- Problem description -
When writing out the entries below, keep only the lines from the line with "Posavasos Cuadrado De" to the line with "Arteza Graphite Transfer", both included, exactly as they are, and leave the pictures aside.

- Records -
+===+
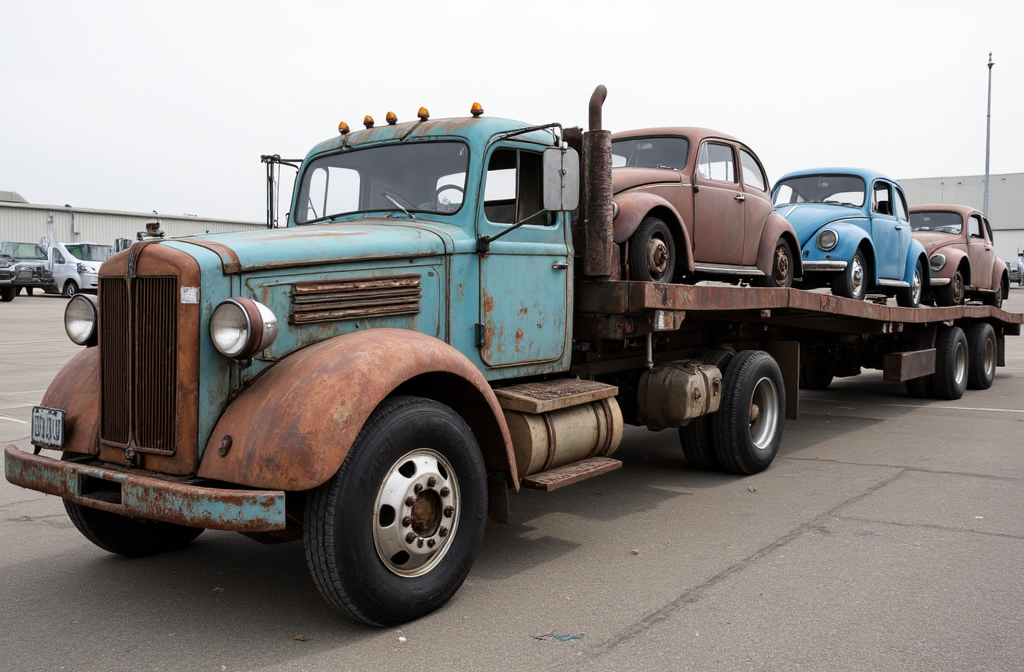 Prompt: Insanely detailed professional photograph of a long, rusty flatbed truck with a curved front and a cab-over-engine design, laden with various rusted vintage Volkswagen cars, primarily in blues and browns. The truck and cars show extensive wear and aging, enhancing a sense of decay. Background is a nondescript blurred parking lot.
+===+
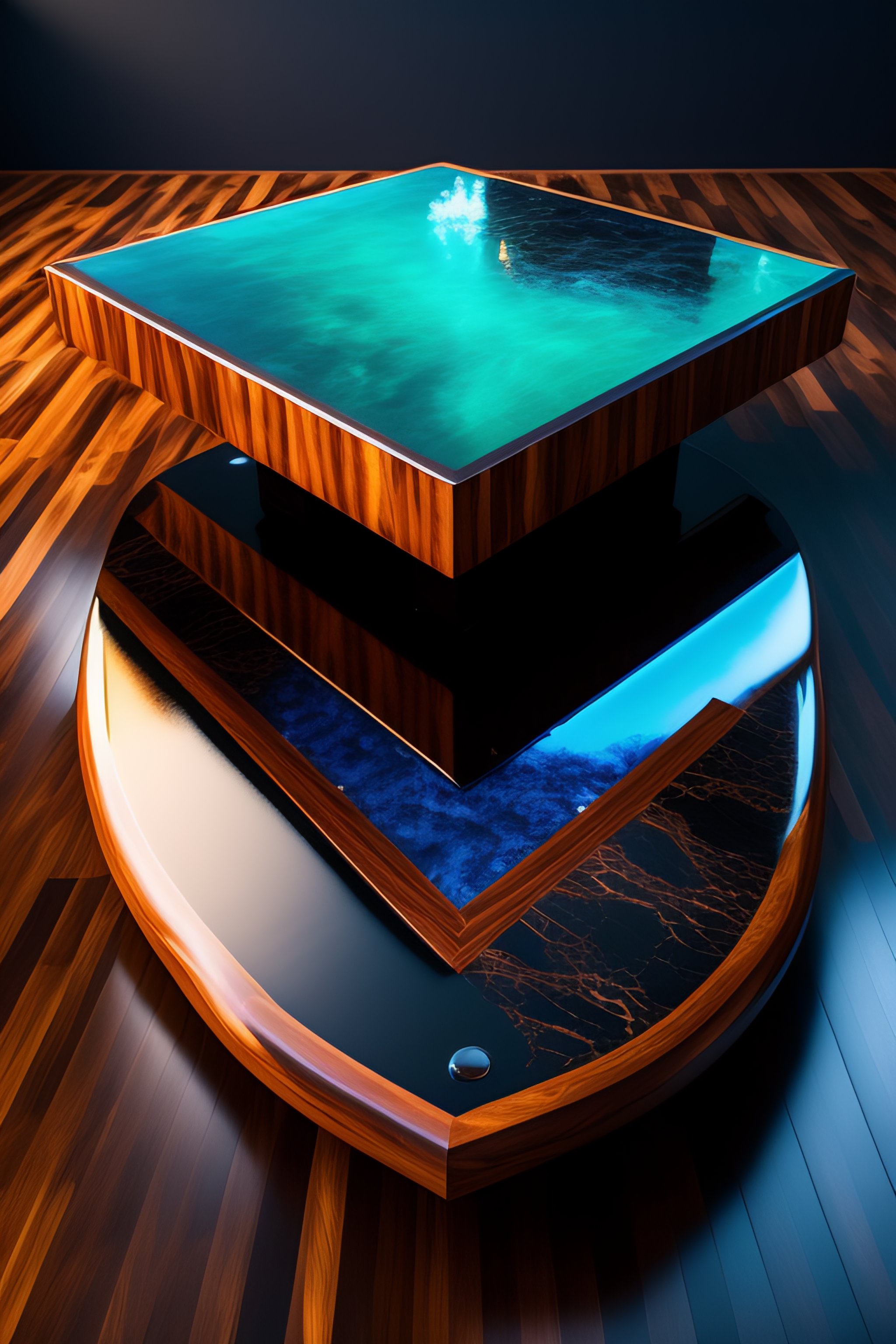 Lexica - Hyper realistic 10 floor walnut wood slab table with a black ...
+===+
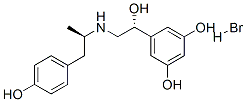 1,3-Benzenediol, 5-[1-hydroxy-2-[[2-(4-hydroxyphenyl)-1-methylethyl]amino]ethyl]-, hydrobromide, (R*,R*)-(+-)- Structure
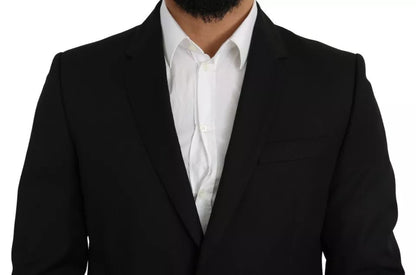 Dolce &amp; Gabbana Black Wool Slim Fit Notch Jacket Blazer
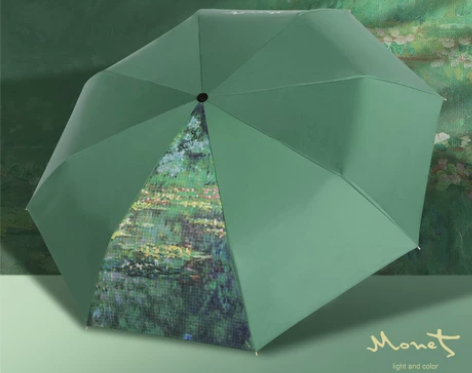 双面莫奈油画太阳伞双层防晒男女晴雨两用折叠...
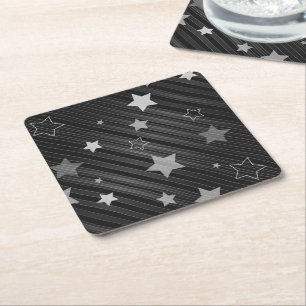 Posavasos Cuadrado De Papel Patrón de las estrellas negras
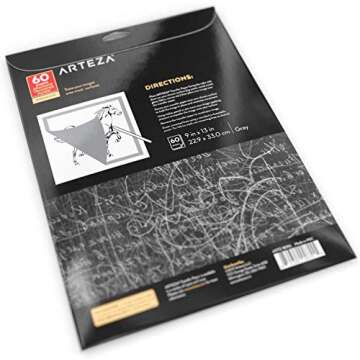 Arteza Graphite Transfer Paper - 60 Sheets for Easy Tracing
+===+
- Output for this task -
 Posavasos Cuadrado De Papel Patrón de las estrellas negras
 Arteza Graphite Transfer Paper - 60 Sheets for Easy Tracing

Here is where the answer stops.